[[ Material provided open ]]

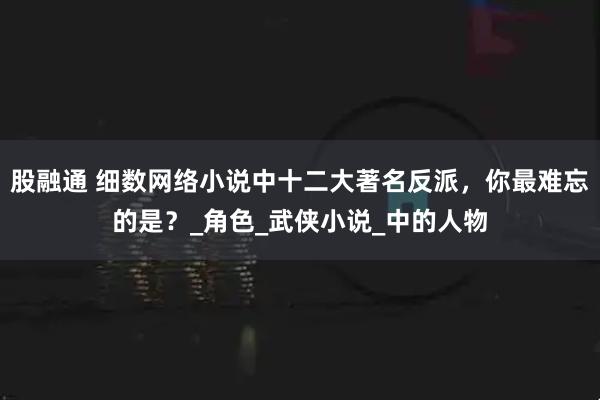 股融通 细数网络小说中十二大著名反派，你最难忘的是？_角色_武侠小说_中的人物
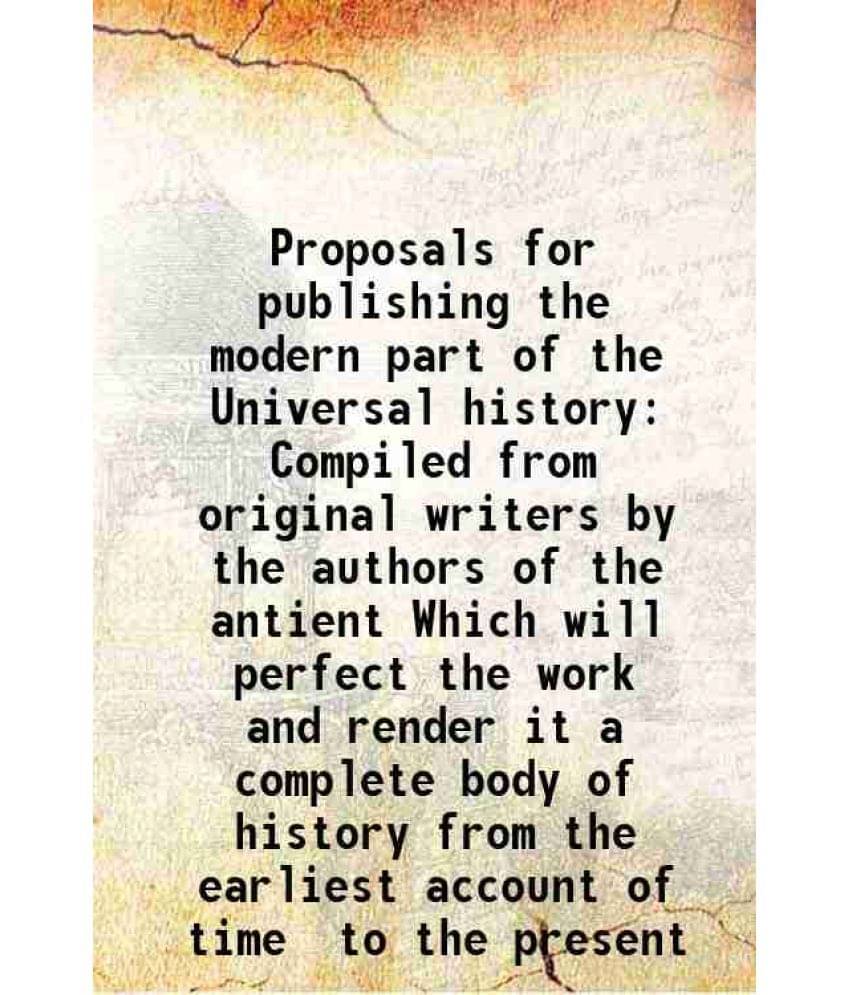     			Proposals for publishing the modern part of the Universal history Compiled from original writers by the authors of the antient Which will [Hardcover]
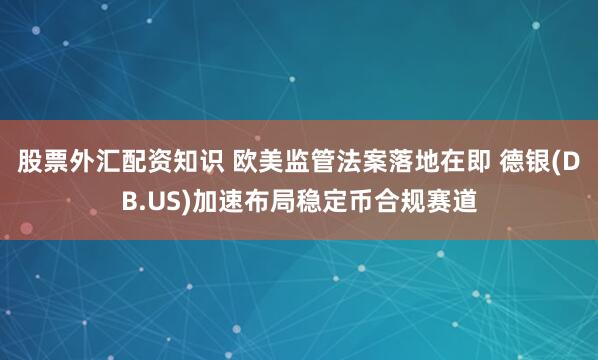 股票外汇配资知识 欧美监管法案落地在即 德银(DB.US)加速布局稳定币合规赛道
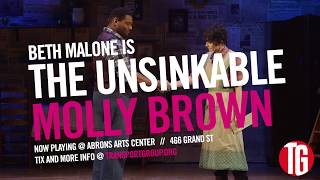 THE UNSINKABLE MOLLY BROWN - Highlights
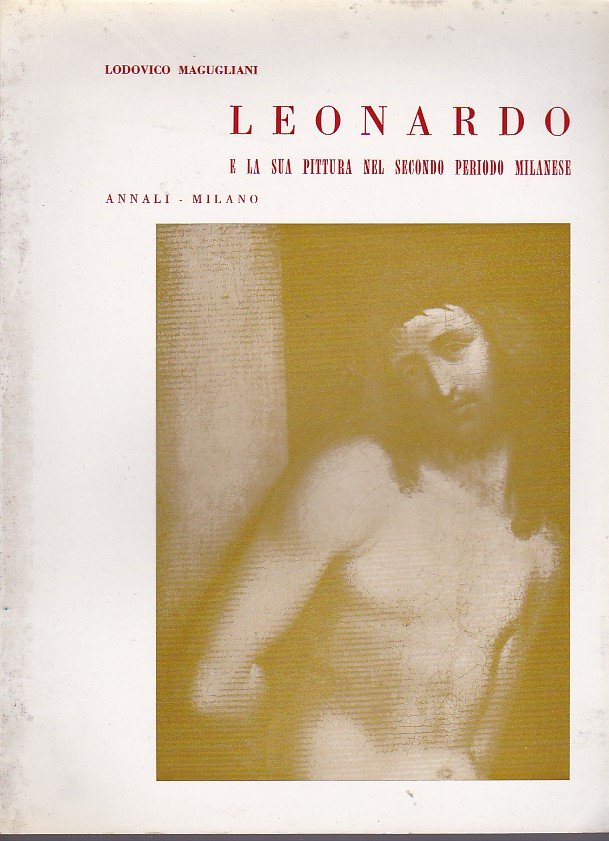 Leonardo e la sua pittura nel secondo periodo milanese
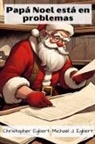 Christopher Egbert, Michael J. Egbert - Papá Noel está en problemas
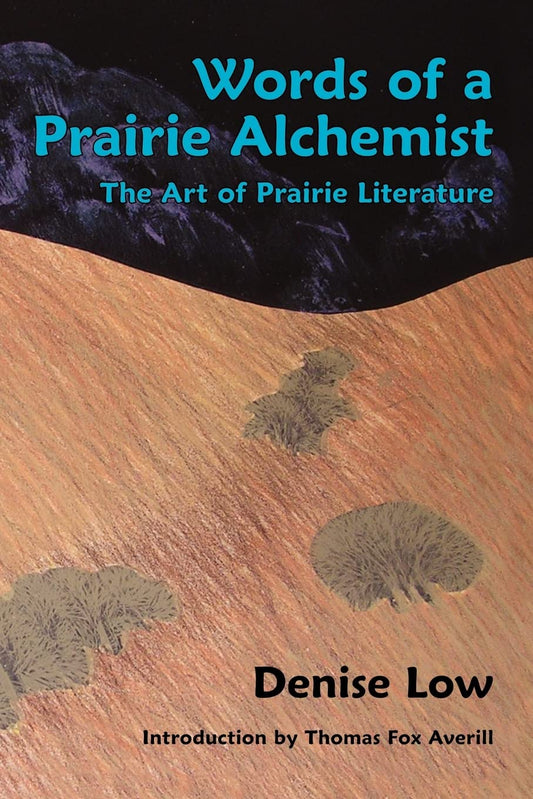 Words of a Prairie Alchemist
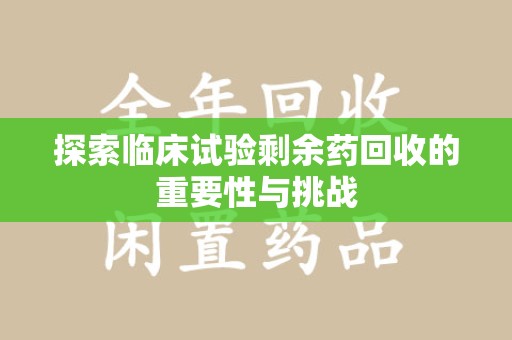 襄阳探索临床试验剩余药回收的重要性与挑战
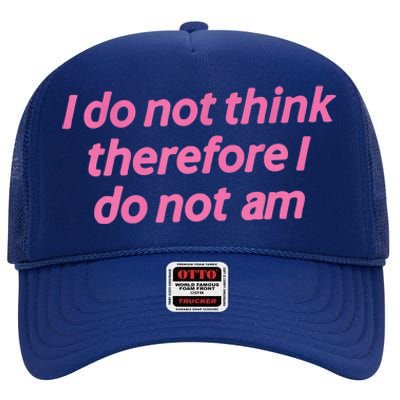 I Do Not Think Therefore I Do Not Am High Crown Mesh Back Trucker Hat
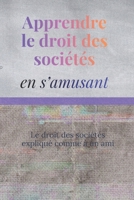 Apprendre le droit des sociétés en s’amusant: Le droit des sociétés expliqué comme à un ami (French Edition) B0GK6WFXT5 Book Cover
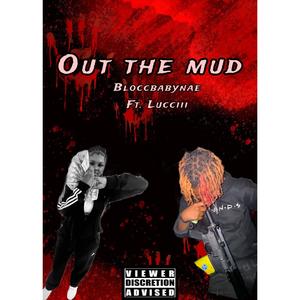 Out The Mud (feat. Lucciii) [Explicit]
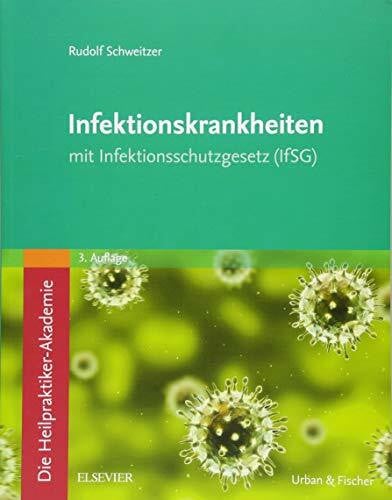 Schweitzer, Rudolf Die Heilpraktiker-Akademie. Infektionskrankheiten: mit Infektionsschutzgesetz (IfSG)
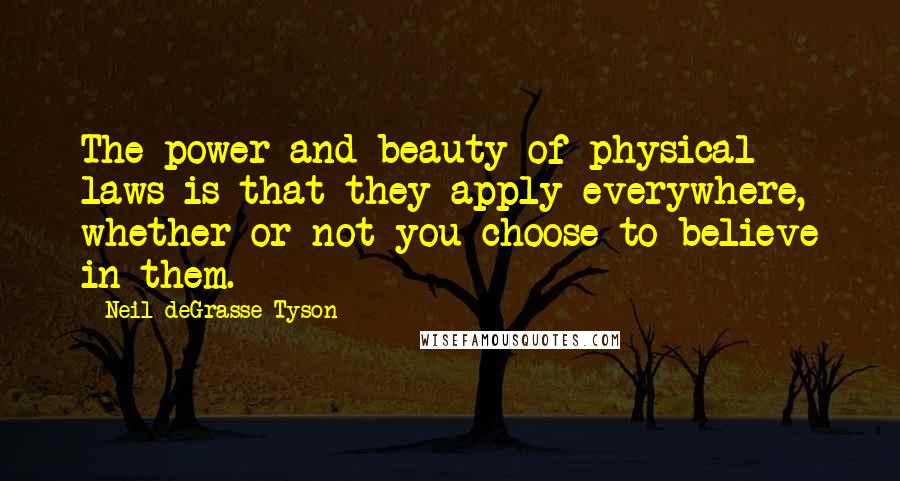 Neil DeGrasse Tyson Quotes: The power and beauty of physical laws is that they apply everywhere, whether or not you choose to believe in them.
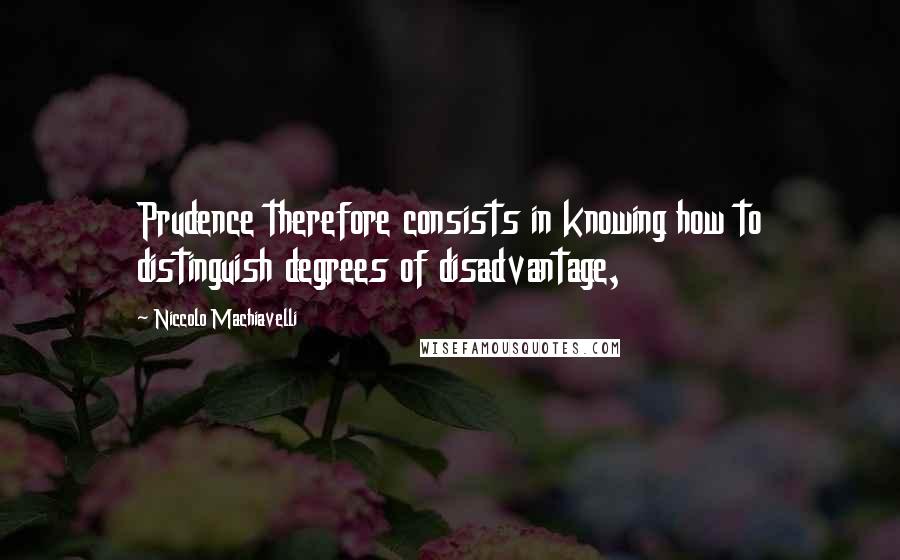 Niccolo Machiavelli Quotes: Prudence therefore consists in knowing how to distinguish degrees of disadvantage,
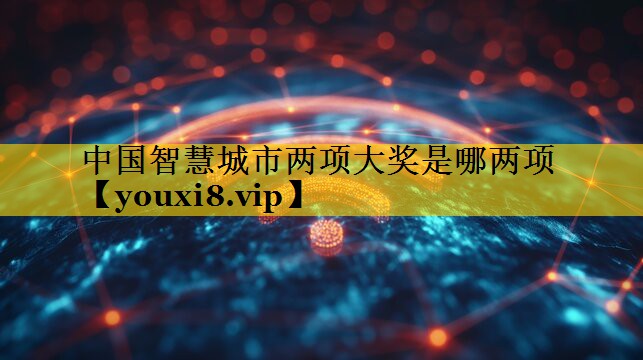 中国智慧城市两项大奖是哪两项 中国智慧城市两项大奖是哪两项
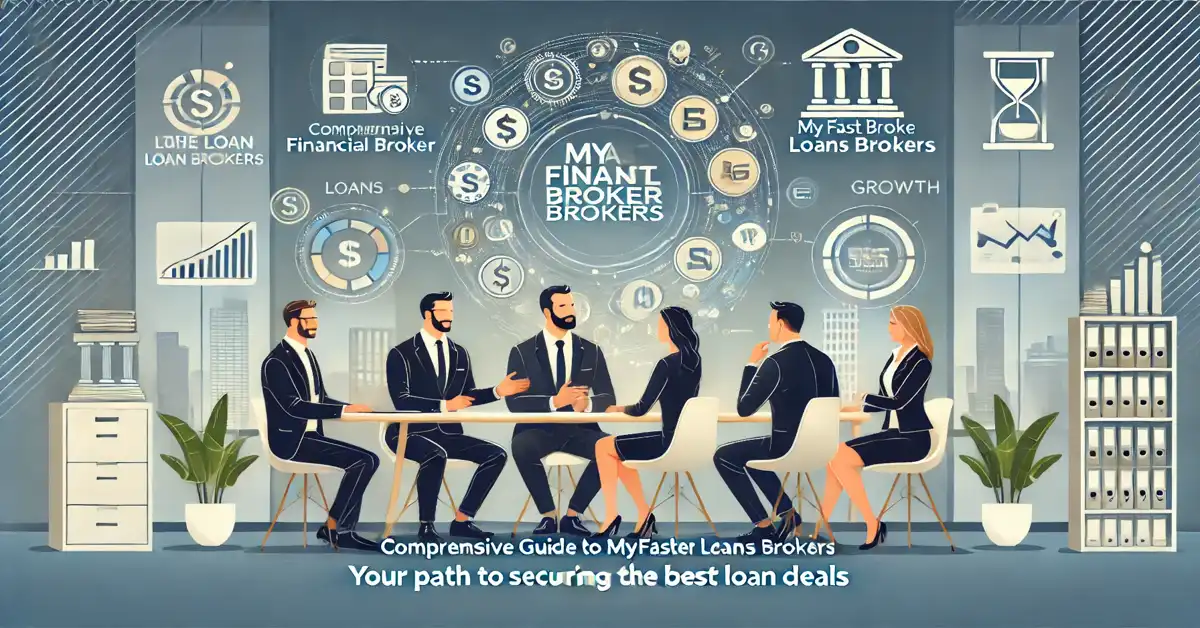 Myfastbroker Loans Brokers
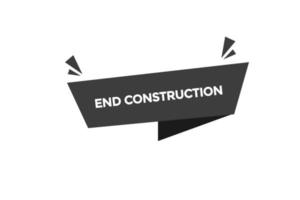 end construction button vectors.sign label speech bubble end construction vector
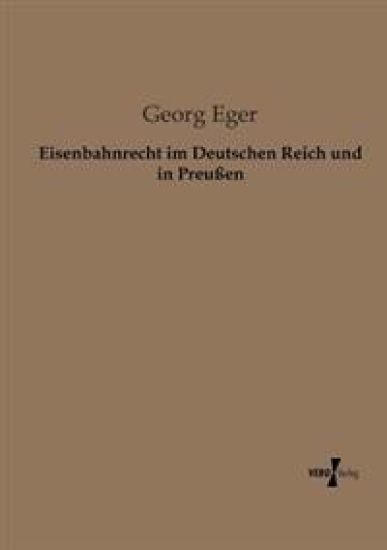 Eisenbahnrecht im Deutschen Reich und in Preußen
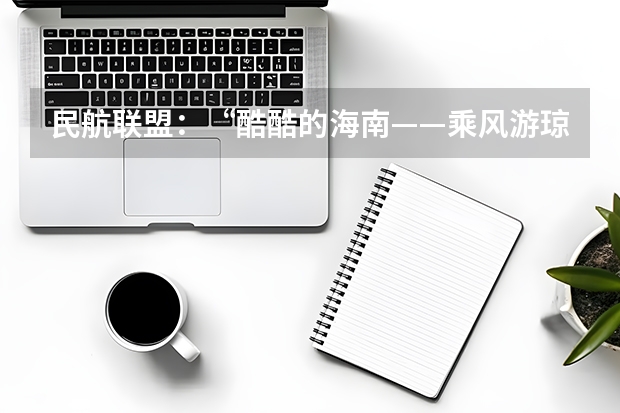 民航联盟：“酷酷的海南——乘风游琼州 万里何须归”推介会首站亮相安庆（安庆天柱山民航机场介绍？）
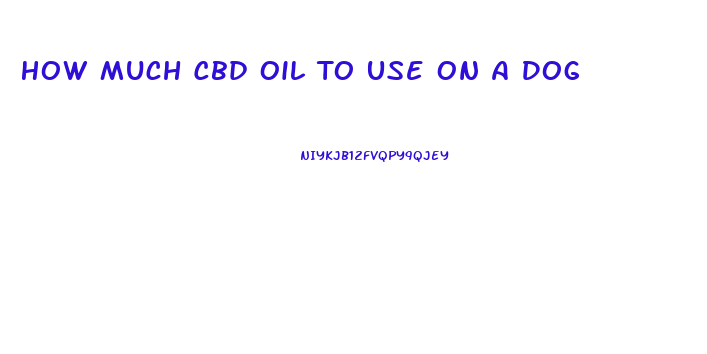 How Much Cbd Oil To Use On A Dog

[[ Material provided closed ]]

Please transcribe every record above exactly as written, leaving out the pictures.

Finished exercise:
 股融通 细数网络小说中十二大著名反派，你最难忘的是？_角色_武侠小说_中的人物
     			Proposals for publishing the modern part of the Universal history Compiled from original writers by the authors of the antient Which will [Hardcover]
 股票外汇配资知识 欧美监管法案落地在即 德银(DB.US)加速布局稳定币合规赛道
 THE UNSINKABLE MOLLY BROWN - Highlights
 Leonardo e la sua pittura nel secondo periodo milanese
 Christopher Egbert, Michael J. Egbert - Papá Noel está en problemas
 Words of a Prairie Alchemist
 襄阳探索临床试验剩余药回收的重要性与挑战
 I Do Not Think Therefore I Do Not Am High Crown Mesh Back Trucker Hat
 Apprendre le droit des sociétés en s’amusant: Le droit des sociétés expliqué comme à un ami (French Edition) B0GK6WFXT5 Book Cover
 Out The Mud (feat. Lucciii) [Explicit]
 Schweitzer, Rudolf Die Heilpraktiker-Akademie. Infektionskrankheiten: mit Infektionsschutzgesetz (IfSG)
 Neil DeGrasse Tyson Quotes: The power and beauty of physical laws is that they apply everywhere, whether or not you choose to believe in them.
 Niccolo Machiavelli Quotes: Prudence therefore consists in knowing how to distinguish degrees of disadvantage,
 中国智慧城市两项大奖是哪两项 中国智慧城市两项大奖是哪两项
 Myfastbroker Loans Brokers
 end construction button vectors.sign label speech bubble end construction vector
 Eisenbahnrecht im Deutschen Reich und in Preußen
 民航联盟：“酷酷的海南——乘风游琼州 万里何须归”推介会首站亮相安庆（安庆天柱山民航机场介绍？）
 How Much Cbd Oil To Use On A Dog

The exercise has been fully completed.